*DATA:*
*** Block opens ***

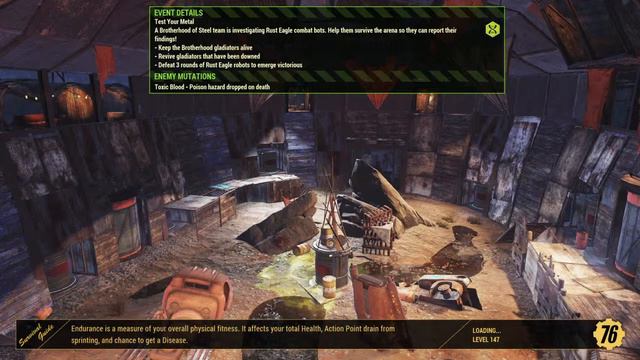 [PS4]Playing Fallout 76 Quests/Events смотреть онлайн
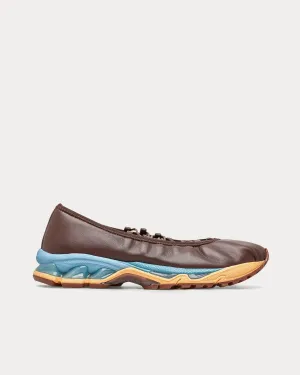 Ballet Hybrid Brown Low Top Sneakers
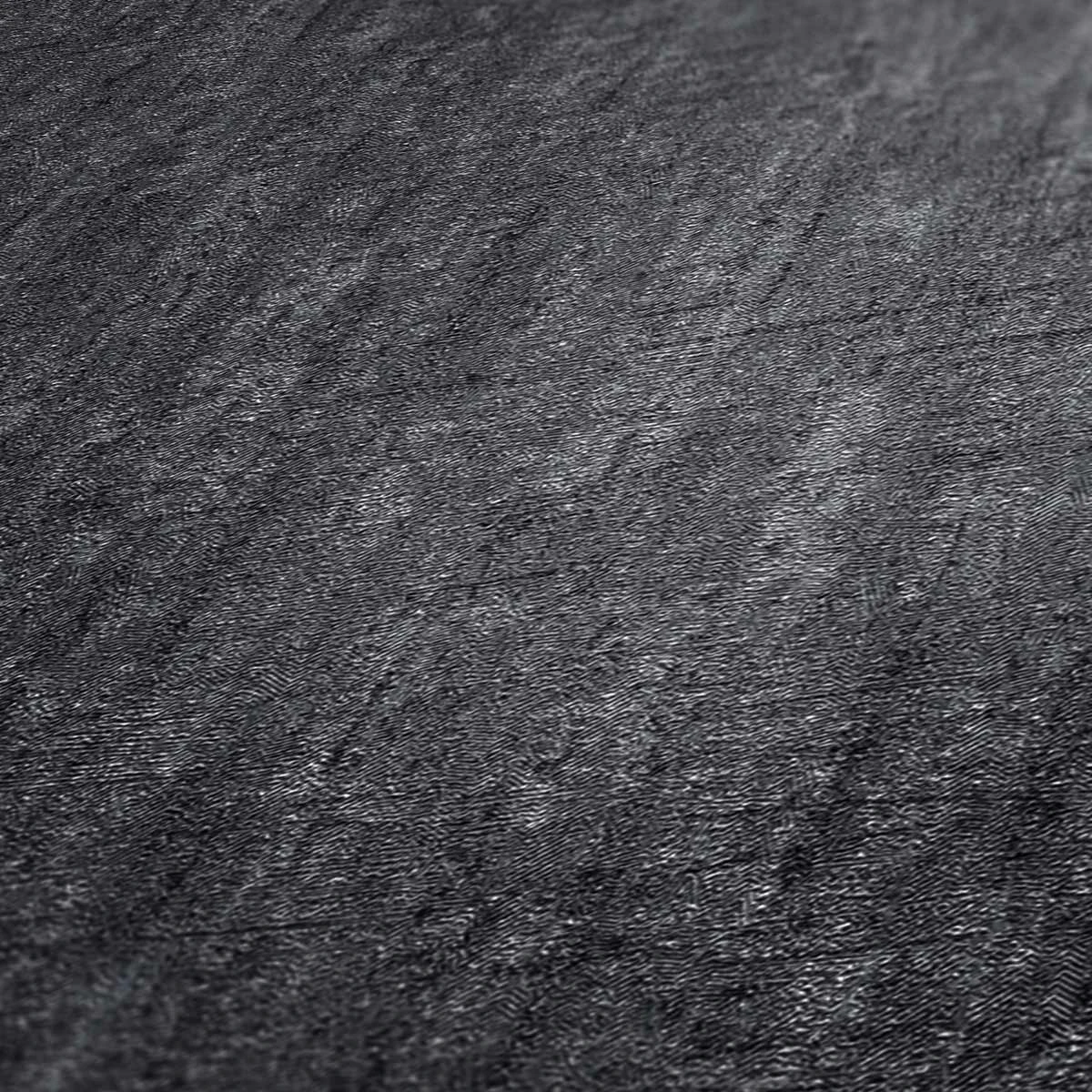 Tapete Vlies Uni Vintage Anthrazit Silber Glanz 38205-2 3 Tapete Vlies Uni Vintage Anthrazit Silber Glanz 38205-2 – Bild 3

*** Block closes ***

*PROBLEM DETAILS:* This task asks for the data above repeated exactly, without a single picture.

*COMPLETED TASK:*
 [PS4]Playing Fallout 76 Quests/Events смотреть онлайн
 Ballet Hybrid Brown Low Top Sneakers
 Tapete Vlies Uni Vintage Anthrazit Silber Glanz 38205-2 3 Tapete Vlies Uni Vintage Anthrazit Silber Glanz 38205-2 – Bild 3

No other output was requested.